Home Computing & IT Evolution


Starting with The End in Mind

It is important to point out that I have very little “religion” or emotional attachment to any particular operating system, vendor, or commercial software model (close or open source); and further, currently have XP, OS X and Linux running to meet my computing-related needs. As you read on, you will find that Linux has taken over the central roll for much of what I do, but, I still use iWeb to write this page; I still use iMovies to edit and build the movies on this site (although I have gone to some length to get away from Quicktime in favor of Flash); I still have XP installed on a Virtual Machine (VM) within the Macbook Pro and on my Ubuntu Server as I need it for my CNC workflow.

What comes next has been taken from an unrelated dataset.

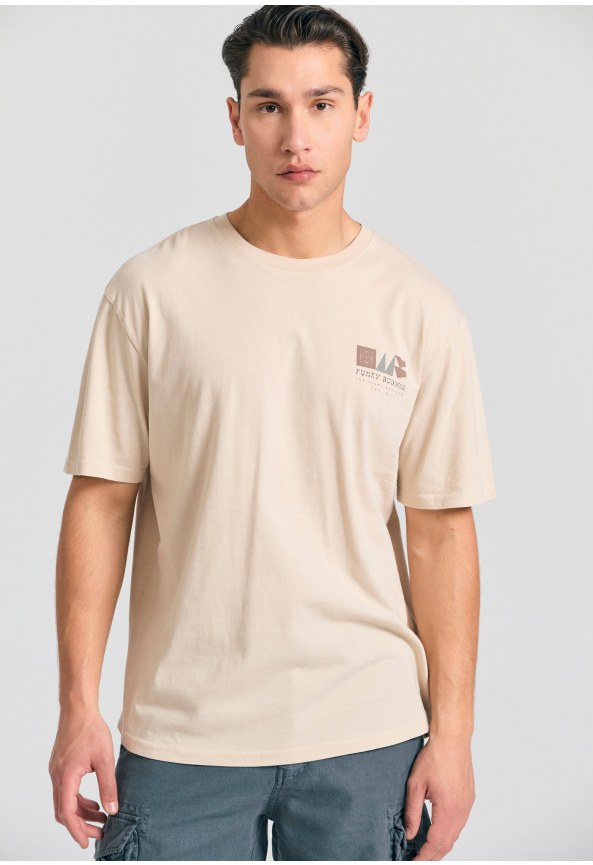 Organic cotton relaxed t-shirt with abstract print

If you are fairly new to this topic or you are searching for an answer about what OS or OSs will best suite your needs, I hope you will read on, as my intention is to inform, not espouse emotion. Read on and I will take you through my journey, issues that I encountered and generally overcame, why Linux is good (even amazing) for me and possibly you, why I still user OS X (Apple) and XP, and what the tradeoffs are between these various environments from my real-world experience.

A Bit of Background

I have a degree in computer science and have held various technical and architectural roles across my career.  I have also coded in the past, both in college, and throughout the early part of my career, but I have not coded in earnest in about two decades.  I have also worked on mainframes, some of the first 8086 “PC”s, and much between.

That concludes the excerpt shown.